2. Haciz bildirisini alan 3. şahıs, haciz bildiriminin kendisine tebliğ edildiği tarihten itibaren 7 gün içerisinde ilgili vergi dairesine itirazda bulunmadığı takdirde, aynı maddenin üçüncü fıkrasında açıklandığı üzere mal elinde ve borç zimmetinde sayılır ve hakkında haciz ve takip işlemleri uygulanır. Bundan sonra, 3. kişi hakkında ödeme emri düzenlenerek takip işlemlerine başlanır.
3. Haciz bildirisine karşı süresi içerisinde itiraz etmediğinden zimmetinde sayılan borç için veya elinde bulunduğu sayılan mal için 3. kişi haciz bildiriminin tebliği tarihinden itibaren bir yıl içerisinde genel mahkemelerde menfi tespit davası açabilir.
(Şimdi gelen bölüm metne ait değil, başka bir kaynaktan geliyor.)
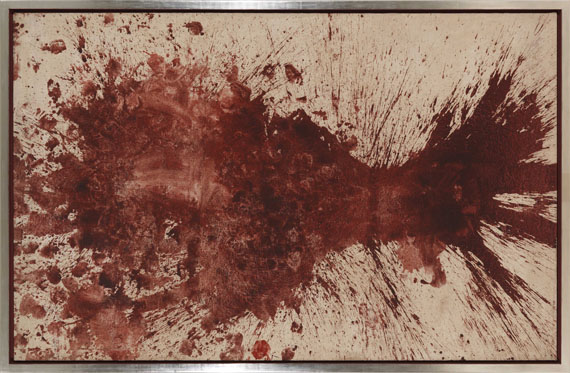 Hermann Nitsch - Ohne Titel (Schüttbild)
Kanunda öngörülen bir yıllık süre, hak düşürücü niteliktedir.
4. Yukarıdaki açıklamalar çerçevesinde somut olay değerlendirildiğinde; davanın bir yıllık hak düşürücü süre içerisinde açılmadığı anlaşılmakla, davacı vekilinin temyiz itirazlarının reddi ile usul ve kanuna uygun bulunan kararın onanmasına karar vermek gerekmiştir.
VI. KARAR
Açıklanan sebeplerle;
Temyiz olunan Bölge Adliye Mahkemesi kararının 6100 sayılı Hukuk Muhakemeleri Kanunu'nun 370 inci maddesinin birinci fıkrası uyarınca ONANMASINA,
Aşağıda yazılı bakiye temyiz harcının temyiz edene yükletilmesine,
Dosyanın İlk Derece Mahkemesine, kararın bir örneğinin Bölge Adliye Mahkemesine gönderilmesine,
17.01.2024 tarihinde oy birliğiyle karar verildi.